═══ RECORDED INFORMATION

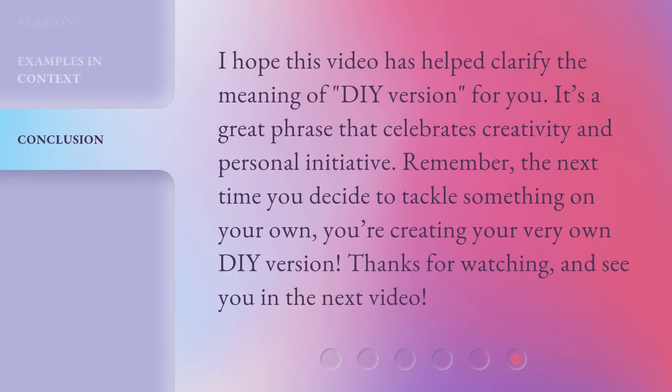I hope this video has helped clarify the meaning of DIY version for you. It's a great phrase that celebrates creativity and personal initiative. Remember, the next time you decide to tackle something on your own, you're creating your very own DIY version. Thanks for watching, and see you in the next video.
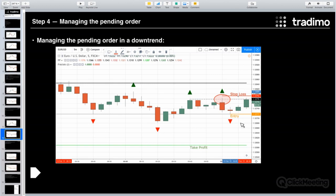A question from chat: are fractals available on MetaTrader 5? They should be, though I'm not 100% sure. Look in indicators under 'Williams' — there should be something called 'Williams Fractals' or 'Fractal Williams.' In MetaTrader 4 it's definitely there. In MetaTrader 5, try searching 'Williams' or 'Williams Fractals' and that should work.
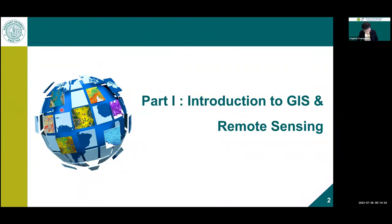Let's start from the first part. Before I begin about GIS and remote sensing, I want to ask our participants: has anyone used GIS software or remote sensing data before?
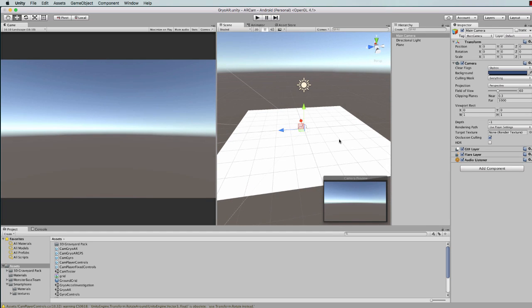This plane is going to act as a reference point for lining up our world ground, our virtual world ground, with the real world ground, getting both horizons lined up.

══════
═══ RECORDED INFORMATION

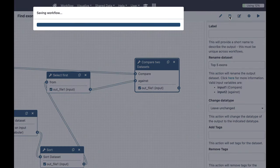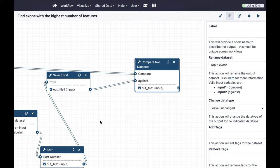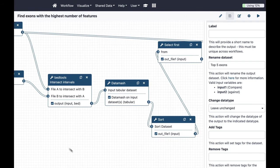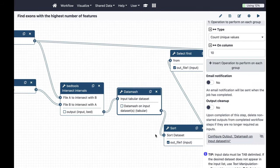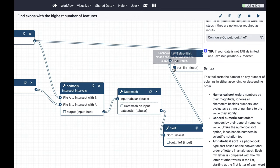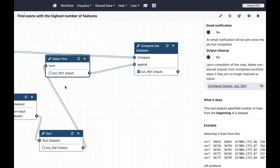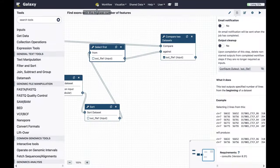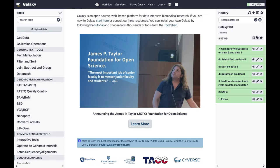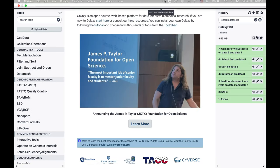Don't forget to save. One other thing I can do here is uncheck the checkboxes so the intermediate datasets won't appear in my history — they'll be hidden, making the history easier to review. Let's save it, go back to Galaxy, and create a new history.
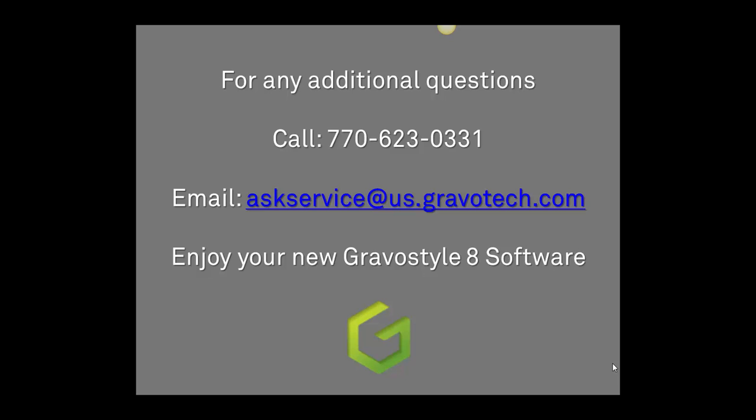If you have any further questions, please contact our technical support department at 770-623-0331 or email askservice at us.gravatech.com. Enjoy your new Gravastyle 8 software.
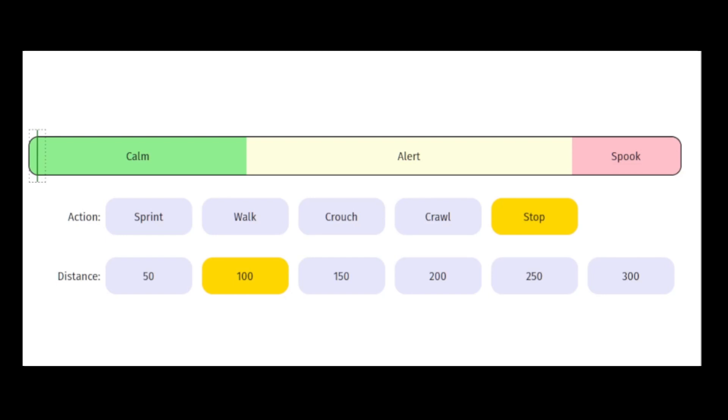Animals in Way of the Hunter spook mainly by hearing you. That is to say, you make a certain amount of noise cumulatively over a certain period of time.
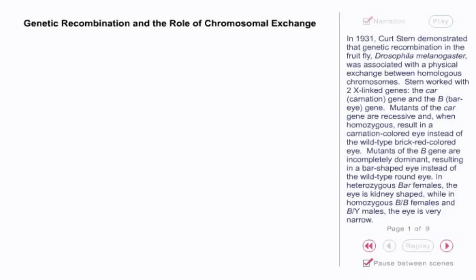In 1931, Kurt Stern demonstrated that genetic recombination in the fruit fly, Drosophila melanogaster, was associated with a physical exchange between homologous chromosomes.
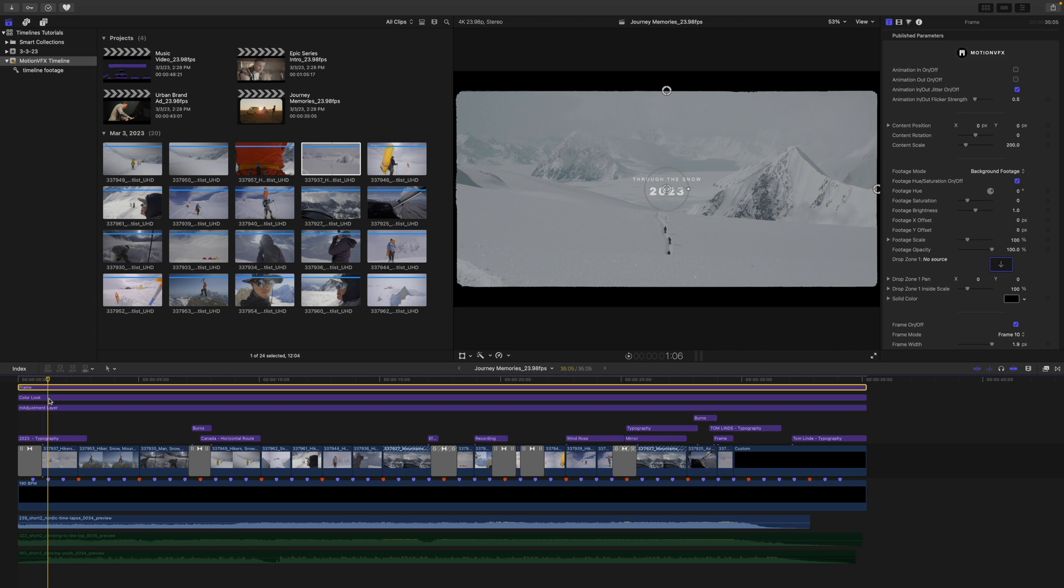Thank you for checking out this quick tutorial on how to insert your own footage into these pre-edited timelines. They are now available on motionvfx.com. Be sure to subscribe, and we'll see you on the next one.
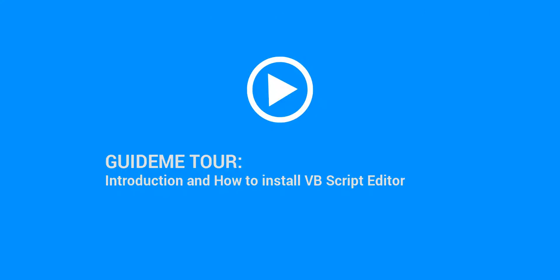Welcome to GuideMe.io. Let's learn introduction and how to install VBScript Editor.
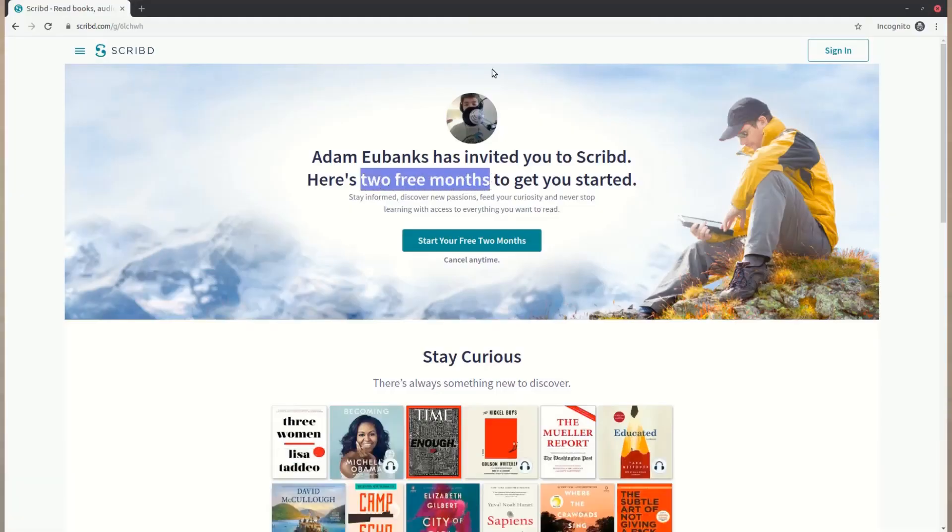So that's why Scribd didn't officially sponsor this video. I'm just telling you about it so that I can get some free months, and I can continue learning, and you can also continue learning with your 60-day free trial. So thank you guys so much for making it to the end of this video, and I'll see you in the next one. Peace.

══════

DESCRIPTION OF THE TASK: Both the line above containing "If you have" and the line containing "Thank you for" belong in the copy, along with every line between them; print these exactly and omit the pictures.

FINAL ANSWER:
If you have any further questions, please contact our technical support department at 770-623-0331 or email askservice at us.gravatech.com. Enjoy your new Gravastyle 8 software.
Animals in Way of the Hunter spook mainly by hearing you. That is to say, you make a certain amount of noise cumulatively over a certain period of time.
In 1931, Kurt Stern demonstrated that genetic recombination in the fruit fly, Drosophila melanogaster, was associated with a physical exchange between homologous chromosomes.
Thank you for checking out this quick tutorial on how to insert your own footage into these pre-edited timelines. They are now available on motionvfx.com. Be sure to subscribe, and we'll see you on the next one.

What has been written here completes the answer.